Una vida dedicada al periodismo y la cultura
Aura Lucía Mera dejó una profunda huella en el panorama cultural colombiano durante más de seis décadas. Reconocida por sus columnas de opinión en el diario El País y otros medios como El Espectador, se destacó por su voz independiente y valiente, sin temor a confrontar posiciones impopulares o incomodar a sectores poderosos. Su carrera periodística estuvo marcada por una honestidad directa que la convirtió en referente del periodismo de opinión en el país.
Su labor como directora del Instituto Colombiano de Cultura (ColCultura) durante los años 80, bajo el gobierno del presidente Belisario Betancur, representó uno de sus mayores aportes institucionales. Además, fue fundamental en la creación y promoción del Festival Internacional de Literatura Oiga Mire Lea de Cali, evento que bautizó personalmente y al que dedicó sus últimos años de vida con pasión inagotable.
El encuentro que cambió vidas
Jotamario Arbeláez narró con detalle el momento en que conoció a Aura Lucía Mera: "Mi anterior mujer, la Maga, me despachó de su casa a finales de 1980. Días después gané el Premio Nacional de Poesía de La Oveja Negra, la editorial de Gabo. En ceremonia solemne, recibí el cheque del premio de manos del expresidente Alfonso López y, de parte de la poesía, el abrazo de la bella Aura Lucía Mera, que se convertiría en el amor de mi vida".

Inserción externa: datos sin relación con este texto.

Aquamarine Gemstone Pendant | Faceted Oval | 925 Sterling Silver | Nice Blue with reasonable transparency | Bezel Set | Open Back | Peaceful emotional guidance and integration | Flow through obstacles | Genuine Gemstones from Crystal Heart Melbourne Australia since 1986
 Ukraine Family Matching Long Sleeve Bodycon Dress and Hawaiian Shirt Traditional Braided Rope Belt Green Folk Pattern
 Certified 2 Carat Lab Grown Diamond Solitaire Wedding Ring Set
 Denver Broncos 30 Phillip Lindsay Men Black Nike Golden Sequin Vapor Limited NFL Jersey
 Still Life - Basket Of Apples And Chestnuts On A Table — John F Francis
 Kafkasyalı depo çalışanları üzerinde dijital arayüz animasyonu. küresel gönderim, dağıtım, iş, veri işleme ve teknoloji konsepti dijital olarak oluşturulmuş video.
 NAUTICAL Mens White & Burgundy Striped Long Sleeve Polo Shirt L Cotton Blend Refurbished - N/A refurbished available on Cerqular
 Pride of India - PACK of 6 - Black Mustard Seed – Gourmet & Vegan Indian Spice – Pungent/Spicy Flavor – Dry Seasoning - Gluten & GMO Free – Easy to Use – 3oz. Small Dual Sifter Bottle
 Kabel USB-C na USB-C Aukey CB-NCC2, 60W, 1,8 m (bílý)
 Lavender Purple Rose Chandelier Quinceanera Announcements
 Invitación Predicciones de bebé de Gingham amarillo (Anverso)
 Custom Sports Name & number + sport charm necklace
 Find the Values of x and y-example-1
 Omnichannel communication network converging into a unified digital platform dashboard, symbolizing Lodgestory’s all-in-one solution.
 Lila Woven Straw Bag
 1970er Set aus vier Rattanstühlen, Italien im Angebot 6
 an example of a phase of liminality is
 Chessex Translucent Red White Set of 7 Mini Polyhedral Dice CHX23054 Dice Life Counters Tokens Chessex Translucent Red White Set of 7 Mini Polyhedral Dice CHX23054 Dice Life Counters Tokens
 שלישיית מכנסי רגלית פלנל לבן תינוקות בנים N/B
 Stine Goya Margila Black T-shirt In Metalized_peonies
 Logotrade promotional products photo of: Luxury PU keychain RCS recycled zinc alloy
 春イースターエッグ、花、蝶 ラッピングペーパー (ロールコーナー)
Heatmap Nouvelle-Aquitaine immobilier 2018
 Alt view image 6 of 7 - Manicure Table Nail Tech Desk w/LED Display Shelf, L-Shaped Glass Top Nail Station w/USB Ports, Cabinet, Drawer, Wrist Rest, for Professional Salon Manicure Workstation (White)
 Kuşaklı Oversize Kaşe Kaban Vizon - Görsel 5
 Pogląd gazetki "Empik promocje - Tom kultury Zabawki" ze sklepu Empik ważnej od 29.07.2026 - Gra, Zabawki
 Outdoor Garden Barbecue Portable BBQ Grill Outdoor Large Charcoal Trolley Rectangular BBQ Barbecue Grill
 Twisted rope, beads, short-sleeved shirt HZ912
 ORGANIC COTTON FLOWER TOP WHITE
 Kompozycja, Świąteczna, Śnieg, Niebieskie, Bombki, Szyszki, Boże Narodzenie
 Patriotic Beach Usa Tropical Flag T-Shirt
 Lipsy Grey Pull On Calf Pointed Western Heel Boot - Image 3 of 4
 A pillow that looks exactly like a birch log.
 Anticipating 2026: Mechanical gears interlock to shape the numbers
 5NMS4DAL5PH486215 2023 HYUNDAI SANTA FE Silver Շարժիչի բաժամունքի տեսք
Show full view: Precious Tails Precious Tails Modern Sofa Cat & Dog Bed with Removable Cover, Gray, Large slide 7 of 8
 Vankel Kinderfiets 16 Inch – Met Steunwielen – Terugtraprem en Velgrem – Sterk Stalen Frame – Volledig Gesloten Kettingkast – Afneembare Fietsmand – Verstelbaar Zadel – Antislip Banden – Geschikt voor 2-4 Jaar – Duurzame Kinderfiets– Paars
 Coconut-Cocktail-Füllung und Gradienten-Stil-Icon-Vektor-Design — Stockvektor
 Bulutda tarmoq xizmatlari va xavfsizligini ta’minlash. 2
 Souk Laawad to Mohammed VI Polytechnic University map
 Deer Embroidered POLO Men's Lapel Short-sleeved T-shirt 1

Aunque su romance duró solo algunos meses, la conexión entre ambos perduró por más de cuatro décadas. Arbeláez describió a Mera como una mujer de "belleza y talento excepcionales, con un sentido del humor único, una cultura libresca impresionante, solidaridad humana genuina y frescura amistosa contagiosa".
Logros y anécdotas memorables
Entre los hitos más destacados de la carrera de Aura Lucía Mera se encuentra la organización de la presentación de la delegación colombiana en el acto de recibimiento del Premio Nobel de Literatura concedido a Gabriel García Márquez en Estocolmo, en diciembre de 1982. Según Arbeláez, con este evento "dejó la lección de cómo se debía hacer cultura, en medio de un ritual asombroso".
El poeta también compartió una anécdota que marcó su vida personal y profesional: "Cuando ella manejaba Colcultura, le dije que a los 40 años no había salido de Colombia y me escogió para representar al país en el Festival de Poesía de Struga, en Yugoeslavia, por entonces el más prestigioso del mundo". Esta oportunidad le permitió emprender una gira por Europa que incluyó presentaciones en Budapest, Viena, Praga, Berna, Roma, París y Madrid.
Un giro del destino salvó su vida cuando, debido a una leve dolencia, tuvo que cambiar la fecha de su regreso a Colombia. El avión en el que originalmente viajaría, el vuelo de Avianca procedente de París, se estrelló sobre Mejorada del Campo el 26 de noviembre de 1983, cobrando la vida de Marta Traba y toda una comitiva de intelectuales invitados a una ceremonia cultural por el presidente de Colombia.
El legado de una dama rebelde
Conocida como "la dama rebelde de la cultura" por su carácter intrépido, Aura Lucía Mera supo encauzar la cultura del país desde múltiples frentes. Arbeláez destacó especialmente su labor desde ColCultura, comparándola con la gestión de Gloria Zea: "Como se dijo por entonces, Belisario Betancur logró reemplazar a una vaca sagrada por una Mera Becerra".
La periodista y gestora cultural deja un vacío en el panorama cultural colombiano, pero su legado perdura en las instituciones que fortaleció, los eventos que creó y las generaciones que inspiró con su compromiso inquebrantable con la verdad y la cultura.
En sus palabras finales de homenaje, Jotamario Arbeláez concluyó emocionado: "No hay mal que por bien no venga. Hiciste bella mi vida de poeta, Auralú". Un testimonio que resume décadas de amistad, admiración y gratitud hacia una mujer que transformó no solo la vida del poeta, sino la cultura de toda una nación.